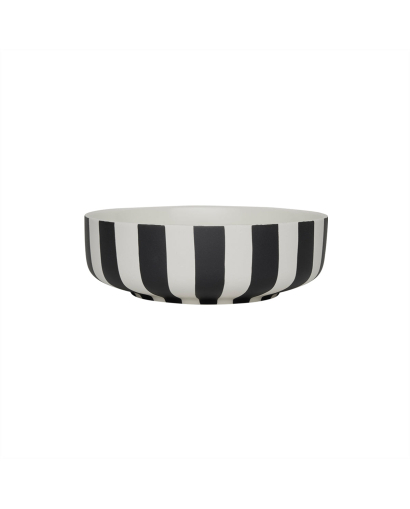 Toppu Bowl OYOY - Taille L - Noir et Blanc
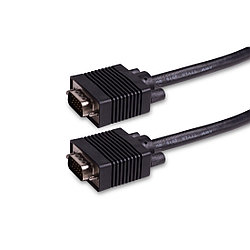 Интерфейсный кабель, iPower, iPiVGAMM100, VGA 15M/15M 15 м., Чёрный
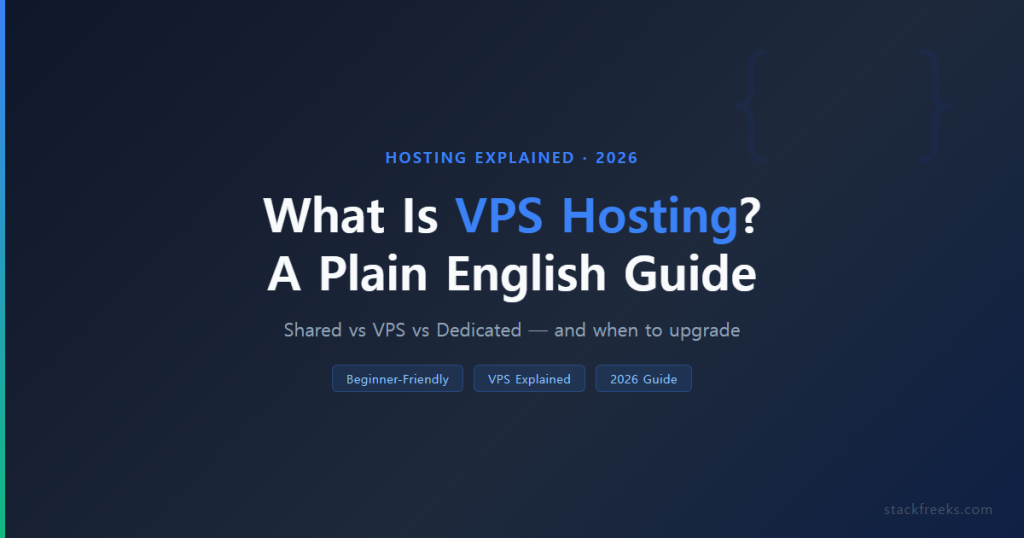 What Is VPS Hosting? A Plain English Guide for Beginners (2026)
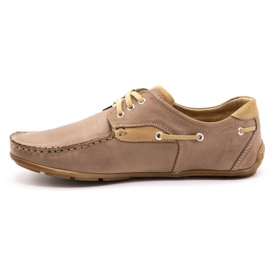 KENT Scarpe da uomo mocassini 208 marrone 1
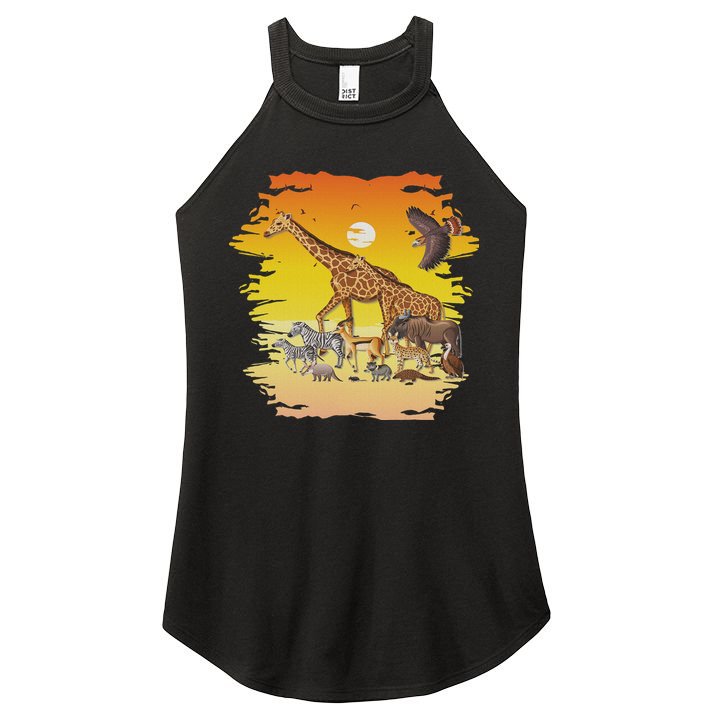 Zookeeper Africans Animal Jungle Safari Zoo Keeper Women's Perfect Tri Rocker Tank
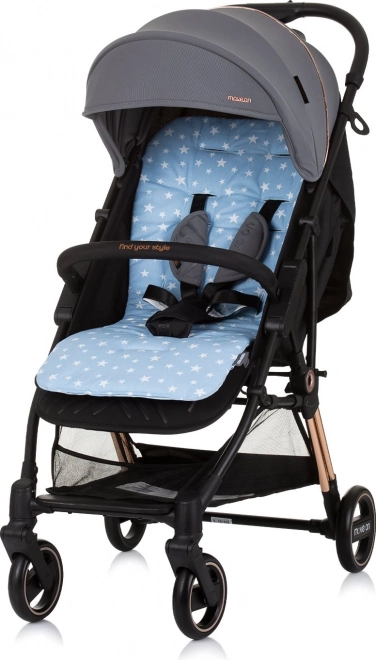 CHIPOLINO Coussin doux pour poussette Étoiles roses
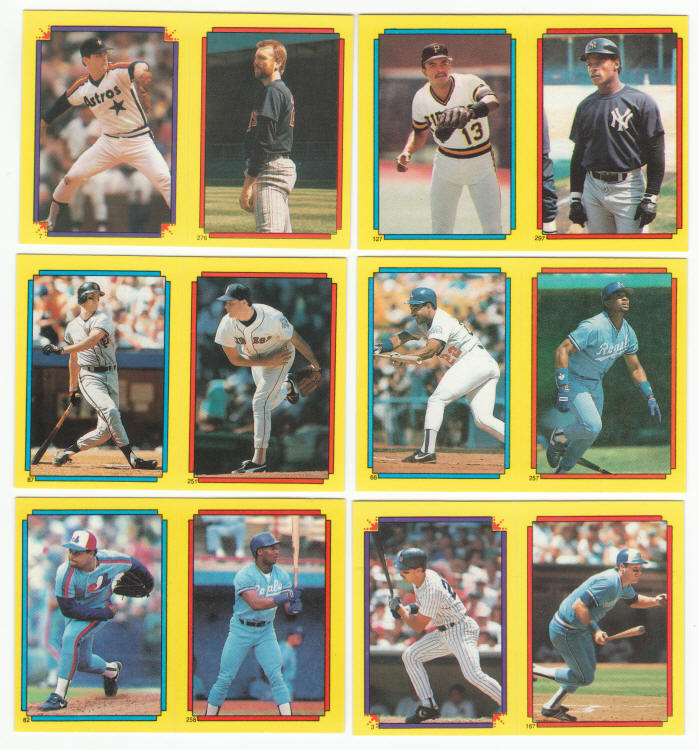 1988 Topps Baseball Yearbook Stickers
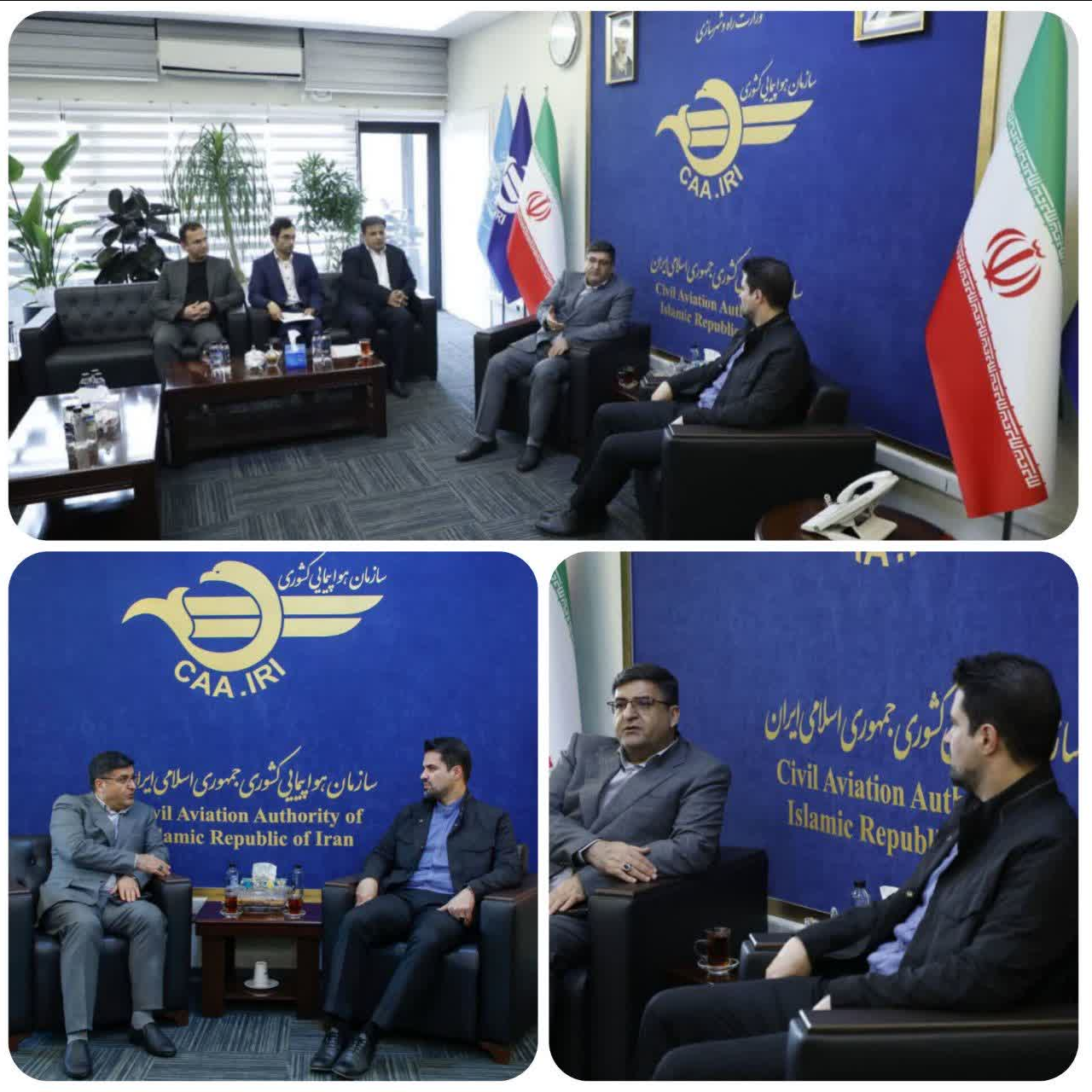 پیگیری حضوری استاندار چهارمحال و بختیاری برای تقویت پروازهای استان و دیدار با مدیران ارشد هواپیمایی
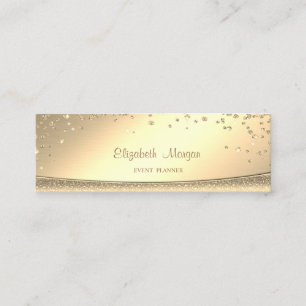 Elegant Professionell Stylisch Gold Diamanten Mini Visitenkarte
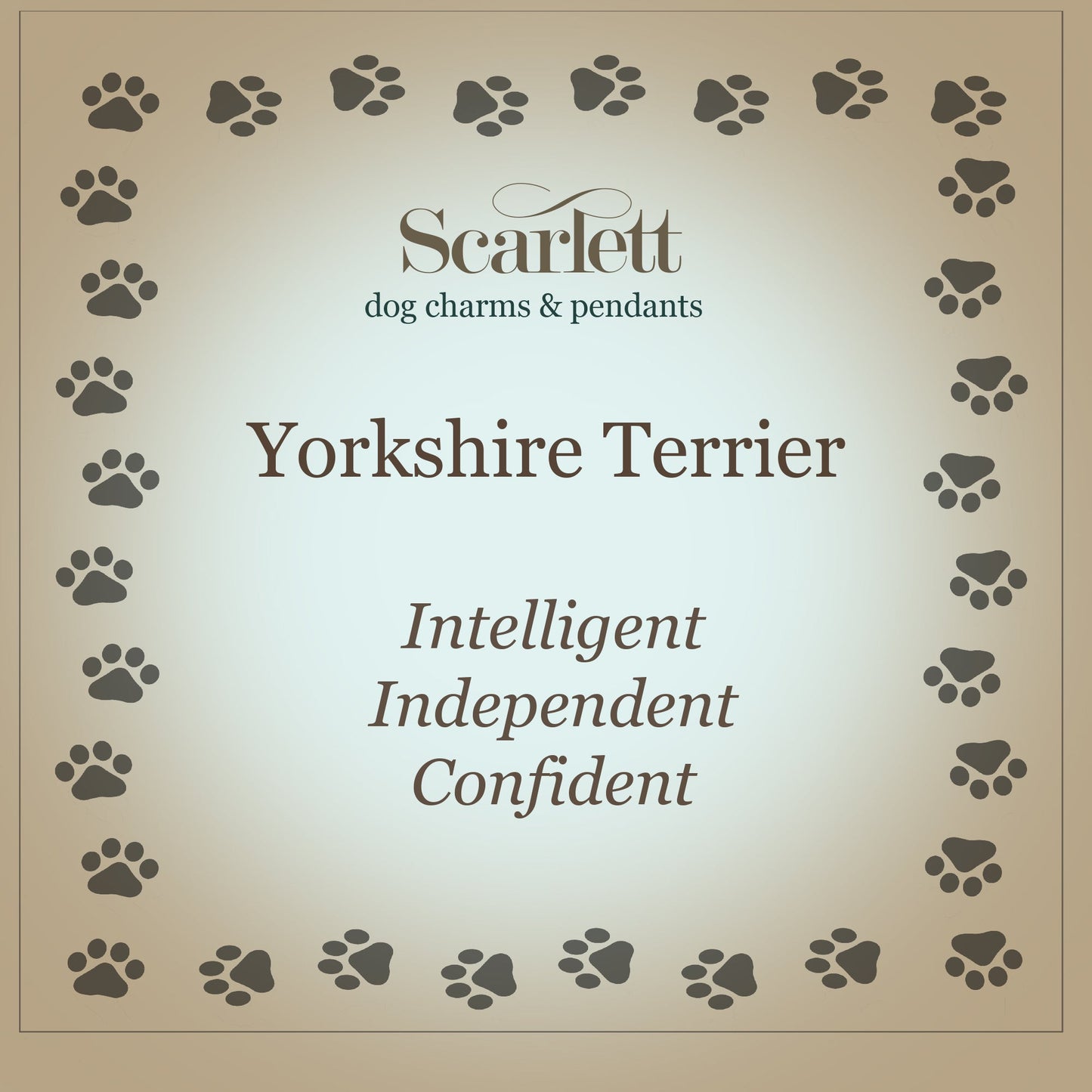 Yorkshire Terrier Silver Dog Charm Bracelet Scarlett Jewellery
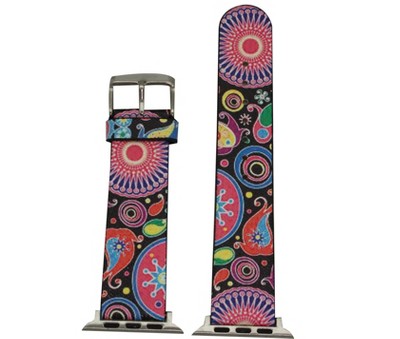 Olivia Pratt Leather Animal Print Apple Watch Band.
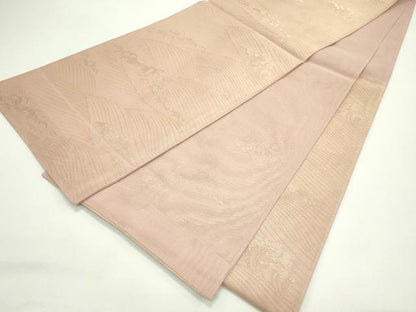 平和屋着物＊夏物 六通柄袋帯 立波文 金糸 正絹 逸品 CABG7556rv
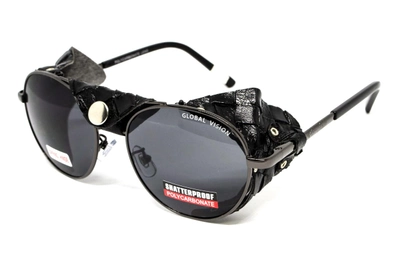 Захисні тактичні окуляри Global Vision Aviator-5 GunMetal (gray)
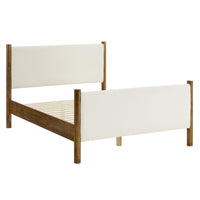 Modway Maven Full Size Boucle Upholstered Platform Bed - Feather Walnut-Wooden Bed Frame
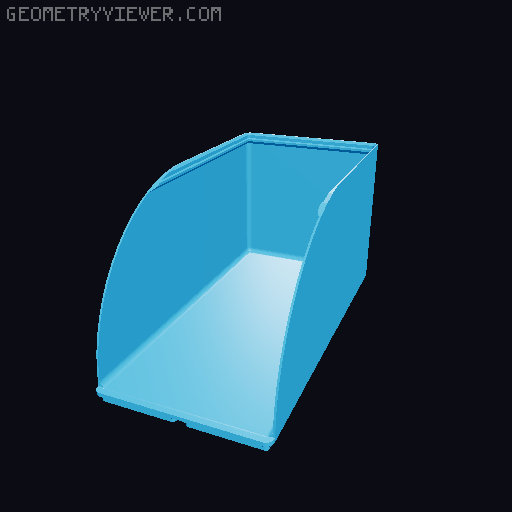Gridfinity rouded bins collection all sizes 3D model thumbnail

- ABOUT THIS EXERCISE
With the pictures omitted, give every line above again exactly.

- RESULT OF THIS TASK
 Toppu Bowl OYOY - Taille L - Noir et Blanc
 Интерфейсный кабель, iPower, iPiVGAMM100, VGA 15M/15M 15 м., Чёрный
 What Is VPS Hosting? A Plain English Guide for Beginners (2026)
 KENT Scarpe da uomo mocassini 208 marrone 1
 Zookeeper Africans Animal Jungle Safari Zoo Keeper Women's Perfect Tri Rocker Tank
 CHIPOLINO Coussin doux pour poussette Étoiles roses
 1988 Topps Baseball Yearbook Stickers
 پیگیری حضوری استاندار چهارمحال و بختیاری برای تقویت پروازهای استان و دیدار با مدیران ارشد هواپیمایی
 Elegant Professionell Stylisch Gold Diamanten Mini Visitenkarte
 Yorkshire Terrier Silver Dog Charm Bracelet Scarlett Jewellery
 Olivia Pratt Leather Animal Print Apple Watch Band.
 平和屋着物＊夏物 六通柄袋帯 立波文 金糸 正絹 逸品 CABG7556rv
 Захисні тактичні окуляри Global Vision Aviator-5 GunMetal (gray)
 Modway Maven Full Size Boucle Upholstered Platform Bed - Feather Walnut-Wooden Bed Frame
Gridfinity rouded bins collection all sizes 3D model thumbnail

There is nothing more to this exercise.